The impact of the Attorney General’s announcement on that election environment is not entirely predictable. Given the length of the investigation and the extent of the coverage over years, the indictment may already be discounted in voter’s minds and baked into voter behaviour. Some commentators have speculated that it would only increase Netanyahu’s ability to depict himself as being unfairly hounded by a leftist establishment and media and will work in his favour.

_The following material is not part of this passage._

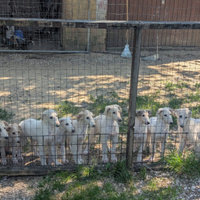 Borzoi, Levriero Russo, cuccioli disponibili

However, the first round of polls after the Attorney General’s announcement show a slight if further weakening in Netanyahu’s position and slight additional increases for the Blue and White party.
The election anyway may end up being decided more by what happens to a cluster of small parties in both Netanyahu’s camp and in the opposition camp, as much as it will be decided in the direct race between Likud and Blue and White.

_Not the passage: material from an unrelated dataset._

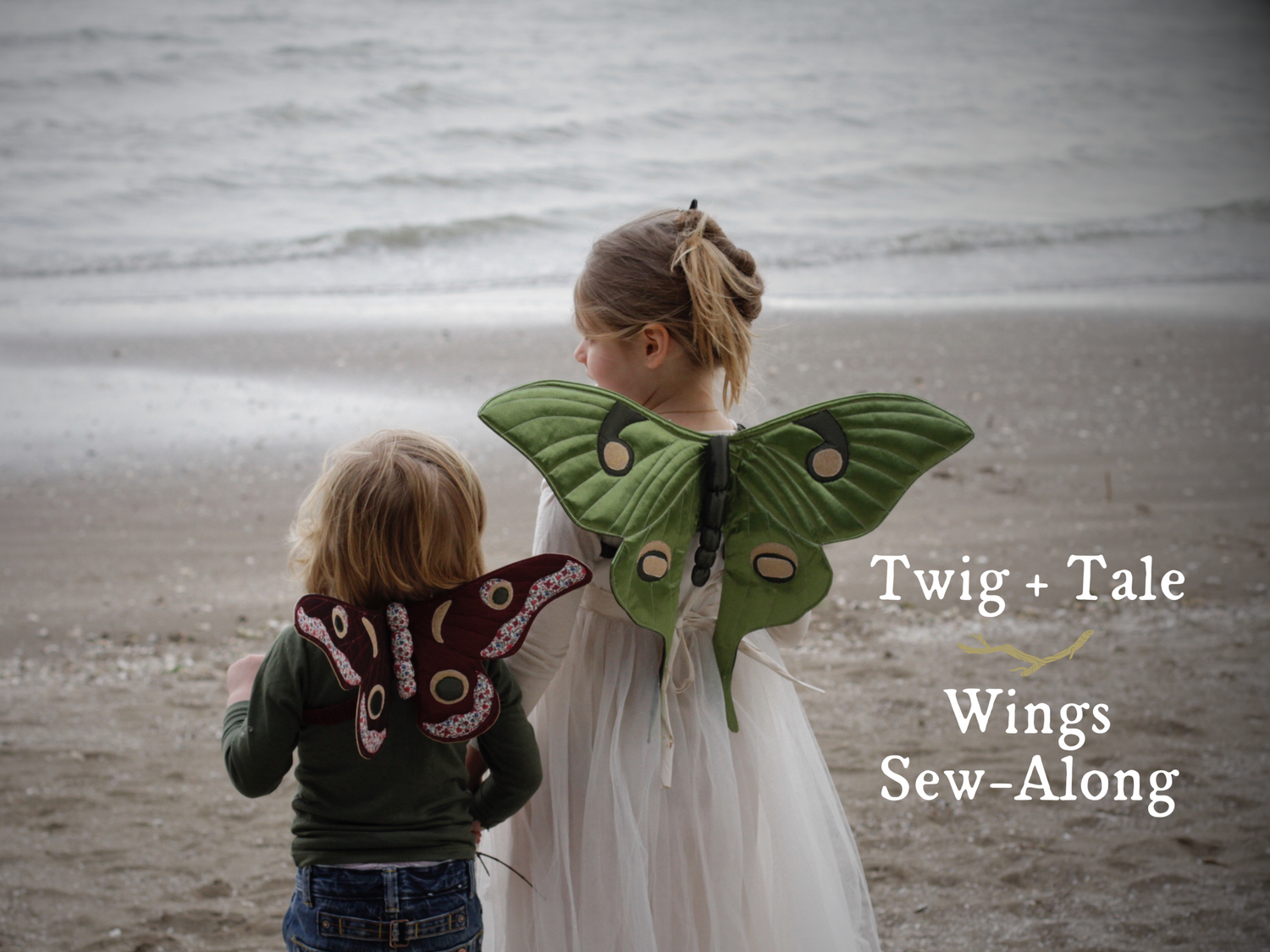 Welcome to the Wings Sew-Along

The nature of the contemporary Israeli political system is such that government is always by coalition and to create a governing coalition several parties tend to be needed, including parties with only a few seats in the 120 member Parliament. The threshold to enter the Knesset is four seats (or 3.25% of the vote), and this election may be won or lost by virtue of how many of Netanyahu’s allied parties versus opposition parties cross that threshold or fail to do so.
The election and indictment paradoxically come at a time when Netanyahu might be considered to be at his peak. He is finally cohabiting with a Republican administration in the U.S., and not just any administration but a Trump White House that shares Netanyahu’s hard-line right-wing policies and is very much a political support actor and bedfellow for Netanyahu’s Israel.
It also comes at a time when not only is the Israeli economy still doing well but during which Netanyahu has expanded Israel’s regional and international relations and has managed to a significant degree to marginalize the Palestinian issue – something the Palestinians themselves have contributed to by their ongoing division and absence of a strategy (the recent Moscow meeting of the Palestinian factions tried to but could not yet overcome those divisions).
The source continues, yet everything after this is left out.